Wittgenstein non si scaldava per il gioco linguistico inventato da Freud. Aveva le sue buone ragioni, anche personali. La principale era la debolezza del riferimento sovra-individuale nella versione freudiana della psicanalisi, praticamente limitato al Super-Io. Seppure l’inconscio è strutturato come un linguaggio – Wittgenstein non farebbe fatica ad accettare l’ipotesi lacaniana – non è un linguaggio privato. Lo ribadisco a chi si incaponisce a scovare la singolarità del soggetto individuale, unica e irrepetibile, nei propri pazienti.
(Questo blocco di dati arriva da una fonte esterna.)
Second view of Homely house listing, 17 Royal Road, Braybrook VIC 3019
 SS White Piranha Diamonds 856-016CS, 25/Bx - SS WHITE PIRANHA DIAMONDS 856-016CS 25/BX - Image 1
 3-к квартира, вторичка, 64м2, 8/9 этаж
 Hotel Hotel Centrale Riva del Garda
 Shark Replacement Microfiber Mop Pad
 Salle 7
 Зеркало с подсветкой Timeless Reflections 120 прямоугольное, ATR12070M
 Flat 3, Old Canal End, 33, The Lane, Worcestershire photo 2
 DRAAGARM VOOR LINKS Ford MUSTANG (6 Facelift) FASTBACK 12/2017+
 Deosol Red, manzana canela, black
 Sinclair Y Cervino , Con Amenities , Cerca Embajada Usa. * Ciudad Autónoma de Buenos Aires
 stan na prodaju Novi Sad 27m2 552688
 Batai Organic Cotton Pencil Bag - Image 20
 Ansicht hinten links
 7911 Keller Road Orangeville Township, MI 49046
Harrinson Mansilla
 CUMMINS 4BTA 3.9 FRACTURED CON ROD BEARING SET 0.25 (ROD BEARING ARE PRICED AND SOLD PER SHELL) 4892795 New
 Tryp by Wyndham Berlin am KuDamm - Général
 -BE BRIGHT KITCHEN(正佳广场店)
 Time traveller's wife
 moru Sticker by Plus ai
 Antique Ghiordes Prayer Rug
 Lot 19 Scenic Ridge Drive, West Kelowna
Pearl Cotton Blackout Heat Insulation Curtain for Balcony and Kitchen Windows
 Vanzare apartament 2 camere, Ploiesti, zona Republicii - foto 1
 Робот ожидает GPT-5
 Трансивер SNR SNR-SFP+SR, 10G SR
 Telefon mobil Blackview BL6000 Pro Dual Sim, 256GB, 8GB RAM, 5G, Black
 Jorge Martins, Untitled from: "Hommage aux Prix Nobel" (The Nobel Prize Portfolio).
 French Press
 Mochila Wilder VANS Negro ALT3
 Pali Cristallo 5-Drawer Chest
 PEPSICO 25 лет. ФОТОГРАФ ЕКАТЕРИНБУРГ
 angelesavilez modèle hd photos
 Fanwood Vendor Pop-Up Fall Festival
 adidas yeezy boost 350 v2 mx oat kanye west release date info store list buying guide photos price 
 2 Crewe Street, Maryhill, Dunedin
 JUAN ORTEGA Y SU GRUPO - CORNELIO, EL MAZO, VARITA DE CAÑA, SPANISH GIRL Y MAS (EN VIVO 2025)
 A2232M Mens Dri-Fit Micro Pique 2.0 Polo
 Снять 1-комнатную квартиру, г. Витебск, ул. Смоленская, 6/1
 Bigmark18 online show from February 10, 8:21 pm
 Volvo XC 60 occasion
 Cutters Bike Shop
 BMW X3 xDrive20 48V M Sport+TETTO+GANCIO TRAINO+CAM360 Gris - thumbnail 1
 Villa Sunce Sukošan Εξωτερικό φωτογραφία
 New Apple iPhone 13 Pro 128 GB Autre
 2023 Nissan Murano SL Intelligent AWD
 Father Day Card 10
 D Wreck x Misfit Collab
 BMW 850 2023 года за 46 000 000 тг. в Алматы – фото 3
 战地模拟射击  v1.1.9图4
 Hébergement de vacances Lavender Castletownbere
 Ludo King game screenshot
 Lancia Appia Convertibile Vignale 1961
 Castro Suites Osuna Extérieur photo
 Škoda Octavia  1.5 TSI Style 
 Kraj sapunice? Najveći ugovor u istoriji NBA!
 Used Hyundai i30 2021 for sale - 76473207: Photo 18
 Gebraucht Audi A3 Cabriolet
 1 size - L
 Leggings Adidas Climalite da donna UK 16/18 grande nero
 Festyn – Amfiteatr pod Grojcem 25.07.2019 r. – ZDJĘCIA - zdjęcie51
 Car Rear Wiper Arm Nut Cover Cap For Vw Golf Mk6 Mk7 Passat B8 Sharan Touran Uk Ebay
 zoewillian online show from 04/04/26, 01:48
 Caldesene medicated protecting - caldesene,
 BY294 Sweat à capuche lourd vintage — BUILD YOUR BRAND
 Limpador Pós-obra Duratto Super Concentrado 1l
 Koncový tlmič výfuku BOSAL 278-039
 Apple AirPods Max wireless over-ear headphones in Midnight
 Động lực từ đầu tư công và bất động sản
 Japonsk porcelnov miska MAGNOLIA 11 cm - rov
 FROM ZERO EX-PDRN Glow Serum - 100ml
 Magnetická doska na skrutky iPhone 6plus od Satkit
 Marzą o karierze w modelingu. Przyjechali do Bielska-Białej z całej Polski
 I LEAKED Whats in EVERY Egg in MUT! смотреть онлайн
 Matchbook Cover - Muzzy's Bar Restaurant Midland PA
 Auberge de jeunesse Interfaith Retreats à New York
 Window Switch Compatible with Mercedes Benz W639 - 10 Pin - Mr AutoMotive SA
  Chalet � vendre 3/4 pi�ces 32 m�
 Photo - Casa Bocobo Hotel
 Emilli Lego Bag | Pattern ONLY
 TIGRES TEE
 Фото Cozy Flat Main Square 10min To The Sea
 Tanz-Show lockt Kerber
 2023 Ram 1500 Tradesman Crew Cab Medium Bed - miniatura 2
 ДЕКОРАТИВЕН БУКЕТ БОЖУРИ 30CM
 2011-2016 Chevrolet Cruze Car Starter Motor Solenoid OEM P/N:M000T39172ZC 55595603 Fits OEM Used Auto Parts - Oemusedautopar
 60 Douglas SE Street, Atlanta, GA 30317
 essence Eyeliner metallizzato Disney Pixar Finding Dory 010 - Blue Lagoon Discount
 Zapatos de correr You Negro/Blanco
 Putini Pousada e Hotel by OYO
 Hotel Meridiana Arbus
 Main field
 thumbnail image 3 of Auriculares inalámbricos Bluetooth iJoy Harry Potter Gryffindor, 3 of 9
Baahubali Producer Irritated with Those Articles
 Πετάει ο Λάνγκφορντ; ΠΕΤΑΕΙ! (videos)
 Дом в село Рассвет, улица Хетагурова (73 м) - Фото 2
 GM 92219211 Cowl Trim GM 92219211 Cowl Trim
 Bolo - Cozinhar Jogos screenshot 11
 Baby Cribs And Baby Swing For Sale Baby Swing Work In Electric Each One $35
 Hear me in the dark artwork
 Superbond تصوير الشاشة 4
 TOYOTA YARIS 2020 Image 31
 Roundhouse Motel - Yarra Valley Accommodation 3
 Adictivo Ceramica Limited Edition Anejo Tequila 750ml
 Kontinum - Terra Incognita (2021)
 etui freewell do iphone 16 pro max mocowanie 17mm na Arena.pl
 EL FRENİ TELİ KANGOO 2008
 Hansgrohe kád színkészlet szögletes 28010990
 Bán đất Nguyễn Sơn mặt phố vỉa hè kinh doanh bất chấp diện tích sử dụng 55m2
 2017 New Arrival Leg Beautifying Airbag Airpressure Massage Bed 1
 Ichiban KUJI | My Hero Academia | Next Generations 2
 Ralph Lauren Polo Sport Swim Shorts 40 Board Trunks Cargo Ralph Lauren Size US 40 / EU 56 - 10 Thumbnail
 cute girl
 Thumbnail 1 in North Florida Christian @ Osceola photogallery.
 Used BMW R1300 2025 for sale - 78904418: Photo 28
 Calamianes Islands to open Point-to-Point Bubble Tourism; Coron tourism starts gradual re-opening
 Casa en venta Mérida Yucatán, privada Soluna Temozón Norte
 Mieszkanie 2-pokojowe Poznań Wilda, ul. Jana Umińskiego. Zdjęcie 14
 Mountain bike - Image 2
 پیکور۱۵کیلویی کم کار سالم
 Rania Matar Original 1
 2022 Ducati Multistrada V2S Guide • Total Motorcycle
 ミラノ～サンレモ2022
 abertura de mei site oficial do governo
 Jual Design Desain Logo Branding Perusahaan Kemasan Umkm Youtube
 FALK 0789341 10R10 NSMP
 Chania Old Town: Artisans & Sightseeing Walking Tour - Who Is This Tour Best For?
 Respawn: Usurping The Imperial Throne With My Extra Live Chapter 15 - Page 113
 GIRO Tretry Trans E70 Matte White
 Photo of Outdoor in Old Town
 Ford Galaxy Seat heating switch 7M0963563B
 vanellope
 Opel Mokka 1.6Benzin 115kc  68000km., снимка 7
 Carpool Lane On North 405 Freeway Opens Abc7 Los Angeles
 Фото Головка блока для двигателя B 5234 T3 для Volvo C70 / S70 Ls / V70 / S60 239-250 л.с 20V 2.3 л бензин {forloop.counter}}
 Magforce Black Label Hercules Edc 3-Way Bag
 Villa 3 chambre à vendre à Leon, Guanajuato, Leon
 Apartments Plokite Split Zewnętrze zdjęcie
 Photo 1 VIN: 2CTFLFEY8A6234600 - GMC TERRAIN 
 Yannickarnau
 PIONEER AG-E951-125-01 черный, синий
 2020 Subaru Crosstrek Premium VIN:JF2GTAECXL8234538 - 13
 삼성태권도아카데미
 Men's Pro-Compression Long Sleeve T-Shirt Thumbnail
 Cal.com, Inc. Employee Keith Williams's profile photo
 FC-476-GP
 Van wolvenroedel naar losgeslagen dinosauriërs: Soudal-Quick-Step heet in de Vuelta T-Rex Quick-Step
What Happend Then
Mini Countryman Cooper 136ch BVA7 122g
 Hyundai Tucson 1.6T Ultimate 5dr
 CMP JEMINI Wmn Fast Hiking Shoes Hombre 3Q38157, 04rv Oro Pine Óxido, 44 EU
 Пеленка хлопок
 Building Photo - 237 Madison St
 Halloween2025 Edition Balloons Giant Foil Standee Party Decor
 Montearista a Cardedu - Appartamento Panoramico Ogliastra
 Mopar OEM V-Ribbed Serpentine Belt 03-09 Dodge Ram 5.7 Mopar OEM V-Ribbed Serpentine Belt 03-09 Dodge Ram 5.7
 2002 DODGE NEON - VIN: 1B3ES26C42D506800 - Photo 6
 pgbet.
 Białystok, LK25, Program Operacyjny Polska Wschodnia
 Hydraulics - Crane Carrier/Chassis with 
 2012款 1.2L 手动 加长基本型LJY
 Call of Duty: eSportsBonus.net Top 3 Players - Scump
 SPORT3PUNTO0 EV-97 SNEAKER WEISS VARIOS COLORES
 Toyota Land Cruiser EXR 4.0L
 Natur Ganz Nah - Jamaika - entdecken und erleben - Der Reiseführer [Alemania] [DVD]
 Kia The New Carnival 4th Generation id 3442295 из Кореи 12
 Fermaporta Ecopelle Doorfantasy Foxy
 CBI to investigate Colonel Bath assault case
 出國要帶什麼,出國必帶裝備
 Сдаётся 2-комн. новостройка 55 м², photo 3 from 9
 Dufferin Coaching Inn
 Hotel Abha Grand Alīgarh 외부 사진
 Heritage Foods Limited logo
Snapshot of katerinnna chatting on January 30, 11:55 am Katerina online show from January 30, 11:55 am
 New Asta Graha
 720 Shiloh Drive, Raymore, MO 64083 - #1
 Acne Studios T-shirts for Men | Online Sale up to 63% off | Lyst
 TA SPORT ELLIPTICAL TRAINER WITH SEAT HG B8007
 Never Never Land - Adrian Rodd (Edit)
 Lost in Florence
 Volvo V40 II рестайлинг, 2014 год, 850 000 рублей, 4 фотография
Al seguito di Wittgenstein si può affermare senza contraddire Freud che il sistematico fenomeno del transfert è l’irrompere del collettivo nell’individuale. In fondo, Wittgenstein corregge la posizione scientifica di Freud: non più lo scire per causas sul singolo soggetto,[5] ma inserire il soggetto nel proprio contesto intersoggettivo. Così il “secondo” Wittgenstein completa il “primo” mentre Freud sta a guardare.